Main Component #2: Friends


It seems like the school post prior to this naturally led me to talk about the "friends" component of my life. Inevitable, of course; my friends are a large part of who I am now and a large reason I am this way. Although many people have come into my life and left, sometimes as quickly as they came, sometimes lasting a considerable amount of time longer, there are three girls who have managed to tolerate all of my bullshit and kick me in the ass when I need it. I don't want to name names in this blog for multiple reasons, but each of these girls knows who she is and where she stands with me. I am equally close with each of them, but in different ways.

One of them is not close physically- in August she moved three hours away- and as far as our interests go, we have little in common. Fourteen years ago we met in Mrs. Wylie's kindergarden class. Since then she has grown into an athletic, bubbly sorority girl while I found myself in the midst of the music scene at 14 years old. She never has any idea about who I'm talking about when I ask her if she's heard of the band so-and-so, and I've never heard of most of the alcoholic drinks at the frat parties she talks about. But we get together anyway and talk about the summers we spent at her family's cottage in South Haven, Michigan, and the friends we had as kids that all seemed to grow up and disappear. She is the friend that I know will probably always be there for me, despite the fact that we can't ever do anything that suits us both at once.

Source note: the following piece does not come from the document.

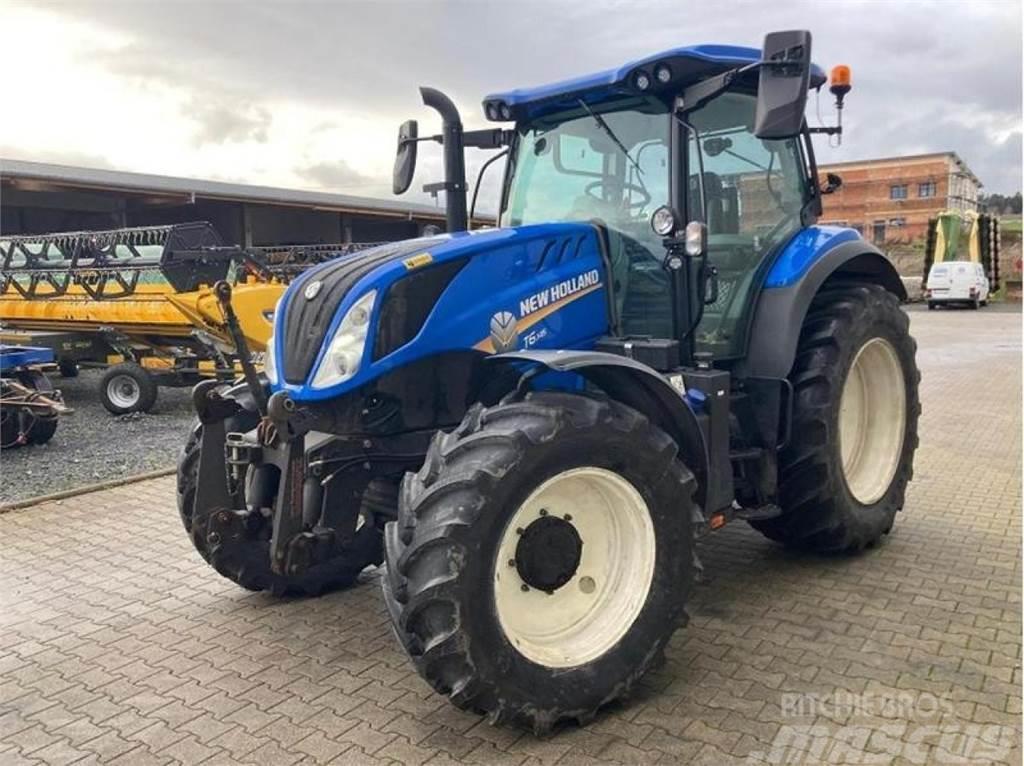 New Holland t 6.145 ec Traktorer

I have known another of my girls since 2003. We were barely fourteen; I had a chip on my shoulder and she had electric blue hair. We hated each other quietly for quite some time before actually speaking and found that when we did, we got along famously. These days, we are attending the same school. We laugh and gossip and hate and love all of the same people. We go to Denny's nearly every time we are together and our bill is always $18.14. We have spent countless hours driving around in search of something to do. Some nights we sat in parking lots and others we've gone to shows. We're both a tad egocentric, or at least we get that way when we get together. She's the kind of friend I tell everything to because I know that regardless of what I do, she'll laugh it off and make up some excuse as to why what I did was not so terrible. She makes me feel better about myself by lightening the effect of some serious problems I've had by telling me that everything will always be okay. Whether she really believes that or just says it to make me feel better, she is probably the one person that I could tell anything to and not worry about her looking at me differently.

I met my third close friend in 2006; she applied and was hired at the store where I was employed at the time and I told her that I liked her shoes. We found we had similar tastes in music; both of us had an undying passion for Bright Eyes, and we wore the same size clothes. We worked together for a year and a half before she quit to find another job- I quit shortly after. However, in that time together, we'd grown close and would often hang out on the weekends or after work. We've had our spats, arguements, and even one full-out fight, but we've come out of each of them with our friendship intact. She has seen me at my worst- literally. I have not touched alcohol in a long time, but the first time I ever did was with her. She found my intoxication hilarious and to this day teases me about it. Our friendship is unlike most; we don't find it necessary to party and drink and get rowdy to have fun together. True, we have not always had a perfect relationship, but I feel like we know each other well enough now to get through any arguements we might have eventually.

While it's true that I wish I more friends as close to me as these three (especially when they're all busy and I feel like going out), I am still extremely pleased that I have at least three, because while I don't have many other true friends- I'd say most of the people I know are just aquaintences- a lot of people who have many friends are not nearly as close with them as I am with mine.